The food was most welcome. I’m not sure though whether the service station quite what hit them as we all piled in. We also had a total communication failure here. Nobody had any idea whether we were stopping to eat in the service station or whether we were supposed to be getting a takeaway. Given the length of the queues at every desk I doubt it would have affected the time for the stop anyway, to be honest.

After this we thought we were home and dry. But then the bus drivers needed to make an unscheduled stop at a garage to top up with AdBlue. That’s the “blue stuff” that has to be put in the fuel tank to keep it below European emissions targets.

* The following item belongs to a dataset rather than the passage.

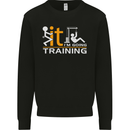 Fook It Im Going Training Top Weightlifting Mens Sweatshirt Jumper Black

What? The Tunnel is Broken?

It seemed a very, very long way through France before we eventually made it back to the Eurotunnel Terminal at Calais. It was a long time – 10 hours since we left the cache at Zürich. Once we got there though, we were straight through passport control. And then up we went into the standby queue for a train leaving at 1:22 am. We didn’t get on that one. We missed by the length of one bus. In fact, we were the only vehicle waiting that didn’t get onto it.

And then began the worst part of the trip, for me. Just as we were missing the 1:22 train all the train times disappeared from the information board. We were left with no idea what was going on. There was supposed to have been another train at 3:42 am, but that time came and went. Eventually at about 4 am we found out that there was a broken rail in one of the tunnels. Obviously it needed to be fixed and, basically, no one was going anywhere until they’d done it. Eventually, they’d done it at 5 am. So at this time Ami and me had already been out of bed for 23 hours and we were still in France. In fact it had taken as long to get to here as it took us to get all the way down. Boooo! And Hiss!

Tired Out

And because we’d been going so long, when we did eventually make it back into England we immediately had to pull off into a car park and change drivers. Don’t get me wrong, the drivers did a sterling job for the whole weekend, but it was a bit annoying to be so far behind schedule and for them to be obliged to stop right here rather than continuing another 10 miles to where we were going to have to stop anyway to drop people off.

The remainder of the trip was as uneventful as we could have wanted. We eventually got back to MK Coachways just before 8 am UK time. That’s 26 hours after we got on the bus in Munich and 27 hours since either of us had seen a bed or a shower. Becky of Dave’s Piglings fame very kindly gave us a lift back home. When we got there, Ami went to bed and stayed there most of the day. I had a shower and a very large coffee and started my day of work. It was, after all, a Tuesday morning.

It certainly had been a bit of an adventure.